Automatic Segmentation of Manipuri (Meiteilon) Word into Syllabic Units
The work of automatic segmentation of a Manipuri language (or Meiteilon) word into syllabic units is demonstrated in this paper. This language is a scheduled Indian language of Tibeto-Burman origin, which is also a very highly agglutinative language. This language usages two script: a Bengali script and Meitei Mayek (Script). The present work is based on the second script. An algorithm is designed so as to identify mainly the syllables of Manipuri origin word. The result of the algorithm shows a Recall of 74.77, Precision of 91.21 and F-Score of 82.18 which is a reasonable score with the first attempt of such kind for this language.
💡 Research Summary
The paper presents the first attempt at automatically segmenting Manipuri (Meiteilon) words into syllabic units using the indigenous Meitei Mayek script. Manipuri, a Tibeto‑Burman language spoken primarily in the Indian state of Manipur, is highly agglutinative; words are formed by concatenating a root with multiple affixes, making morphological analysis and syllable boundary detection particularly challenging. While previous computational work on Manipuri has largely focused on the Bengali script, this study concentrates on the native Meitei Mayek script, which consists of 27 consonants and 8 vowels and exhibits frequent consonant‑vowel‑consonant (CVC) patterns, as well as complex consonant clusters and diacritic combinations.
The authors first compiled a gold‑standard corpus of 1,200 Manipuri words drawn from dictionaries, news articles, and literary texts. Each word was manually annotated with its correct syllable boundaries by linguists. After normalising the Unicode representation and stripping punctuation, the words were tokenised at the character level. The core of the system is a rule‑based algorithm that classifies each character as an initial consonant (onset), a vowel (nucleus), or a final consonant (coda). The primary heuristic is that a vowel always marks the start of a new syllable; however, the algorithm also handles cases where consecutive consonants may serve either as a coda for the preceding syllable or as the onset of the following one. To resolve such ambiguities, the authors defined a hierarchy of rules:
- Single‑vowel rule – Whenever a vowel token is encountered, a syllable boundary is inserted before it.
- Consecutive‑consonant rule – If two adjacent tokens are both consonants, the algorithm checks whether they form a recognized digraph or cluster. If so, they are treated as a single coda; otherwise, the second consonant is assumed to be the onset of the next syllable.
- Special‑cluster exceptions – Certain orthographic clusters (e.g., “ꯍꯥ”, “ꯔꯤ”) are listed in an exception table to prevent over‑segmentation.
- Statistical backup – For ambiguous sequences where rule‑based decisions are uncertain, the system consults bigram frequencies derived from the corpus to estimate the most probable coda‑onset split.

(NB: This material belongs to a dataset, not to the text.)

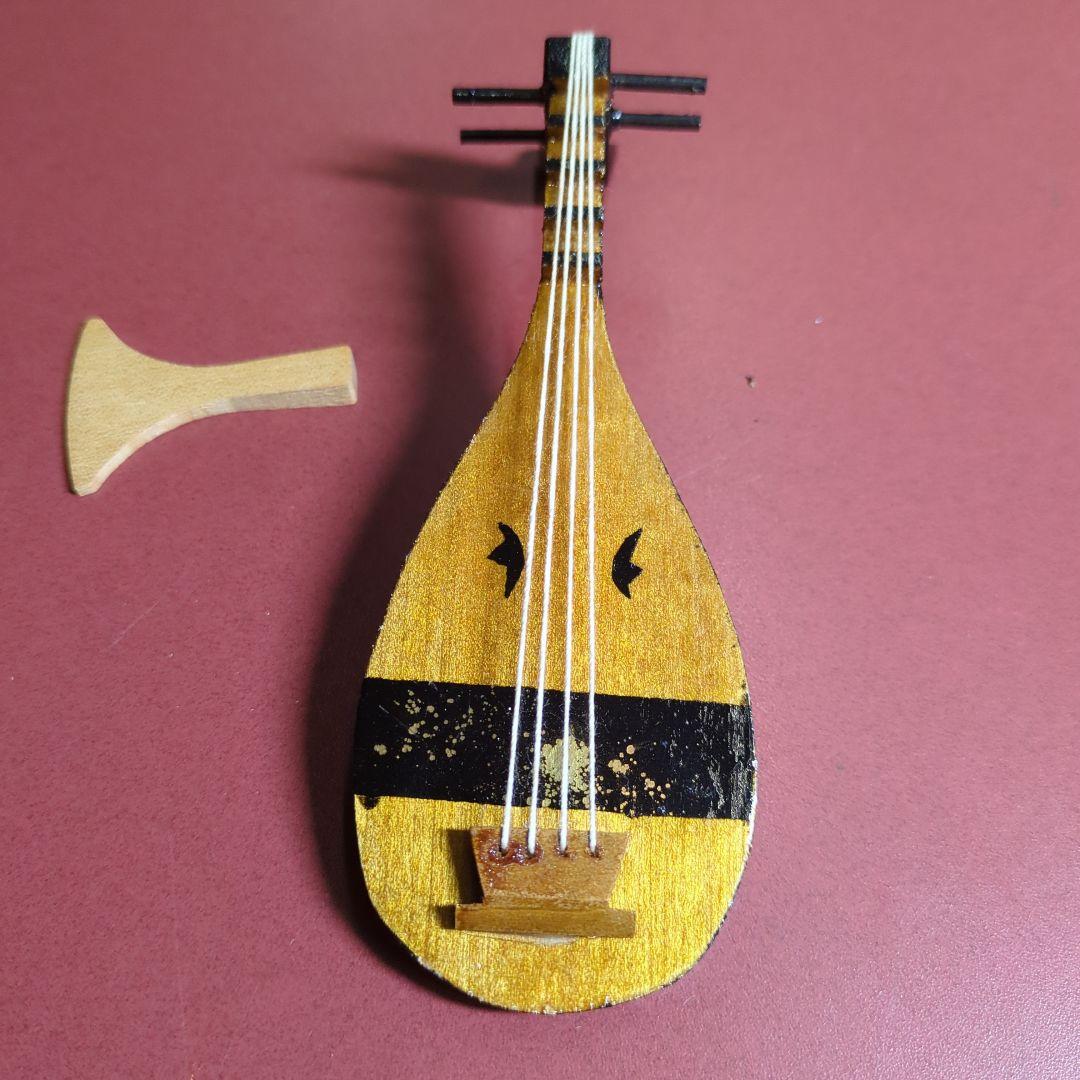 ●藤田和子●雅楽セット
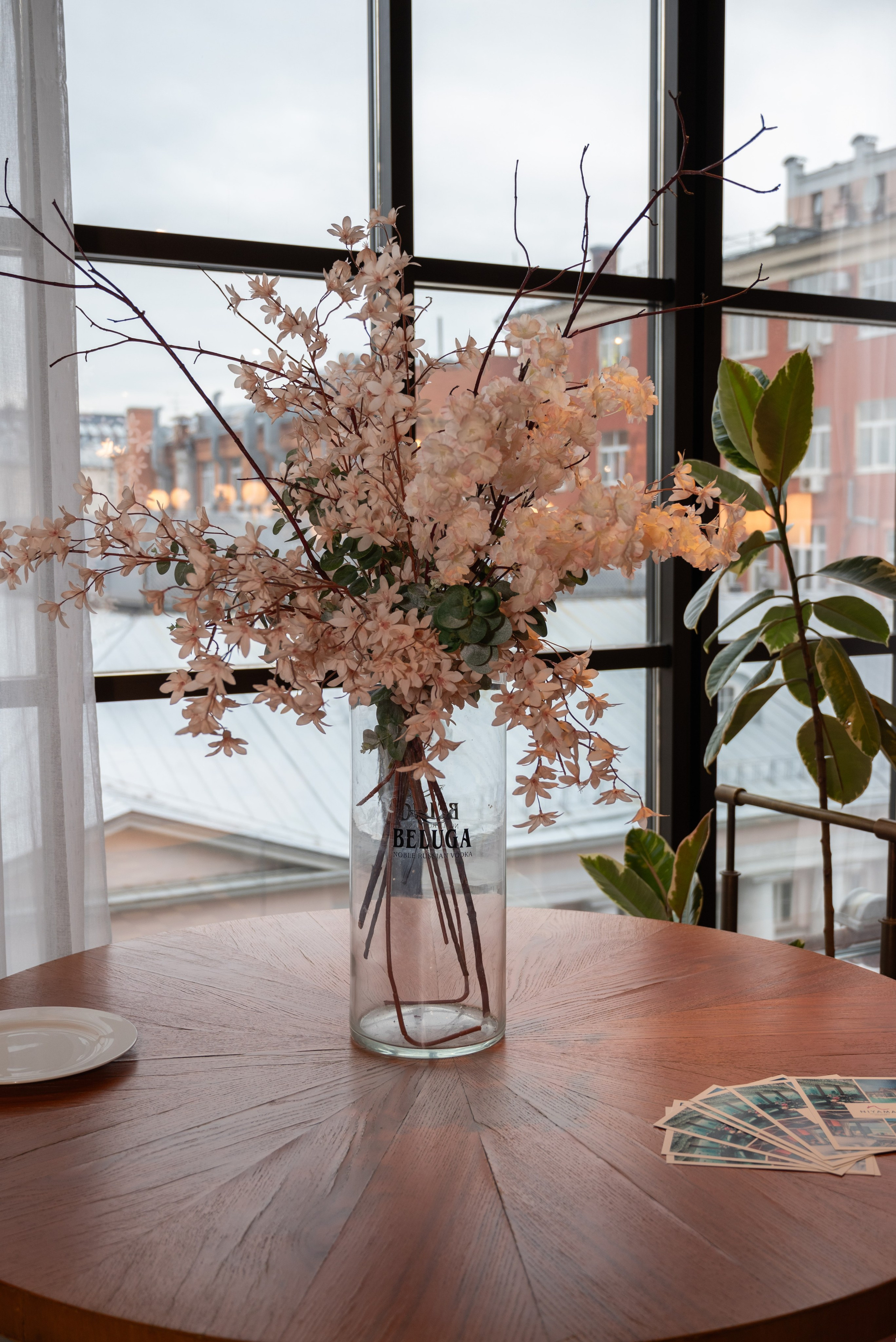 Интерьеры. MrADA fotografer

After the initial pass, a post‑processing stage validates the resulting syllable list, correcting illegal codas (stand‑alone consonants) and eliminating impossible double‑coda configurations. The algorithm is entirely deterministic, but the statistical component provides a soft decision layer without requiring a full probabilistic model.
Evaluation employed 10‑fold cross‑validation on the annotated corpus. The system achieved a recall of 74.77 %, precision of 91.21 %, and an F‑score of 82.18 %. The relatively lower recall reflects the difficulty of correctly identifying all syllable boundaries in the presence of complex consonant clusters and rare affix combinations. The high precision indicates that the rule set successfully avoids spurious splits, a desirable property for downstream tasks such as morphological parsing or speech synthesis where over‑segmentation can be more damaging than occasional missed boundaries.
The authors acknowledge several limitations. First, the approach is script‑specific; extending it to the Bengali script would require a separate rule set. Second, the corpus size, while sufficient for a proof‑of‑concept, is modest, limiting the robustness of the statistical backup. Third, handling of loanwords and newly coined terms relies on manually curated exception lists, which may not scale. Future work is outlined as follows: (a) constructing a larger, more diverse Manipuri corpus; (b) integrating the rule‑based system with neural sequence labeling models (e.g., BiLSTM‑CRF) to improve recall while preserving precision; (c) developing a unified multi‑script framework that can process both Meitei Mayek and Bengali orthographies; and (d) automating the detection of foreign‑origin morphemes to reduce manual maintenance of exception lists.
In conclusion, the paper demonstrates that a carefully engineered rule‑based algorithm can achieve respectable performance on the challenging task of syllable segmentation for an under‑researched, highly agglutinative language. The reported metrics (Recall ≈ 75 %, Precision ≈ 91 %, F‑Score ≈ 82) establish a baseline for future research in Manipuri natural language processing, paving the way for more advanced applications such as morphological analysis, machine translation, and speech technology.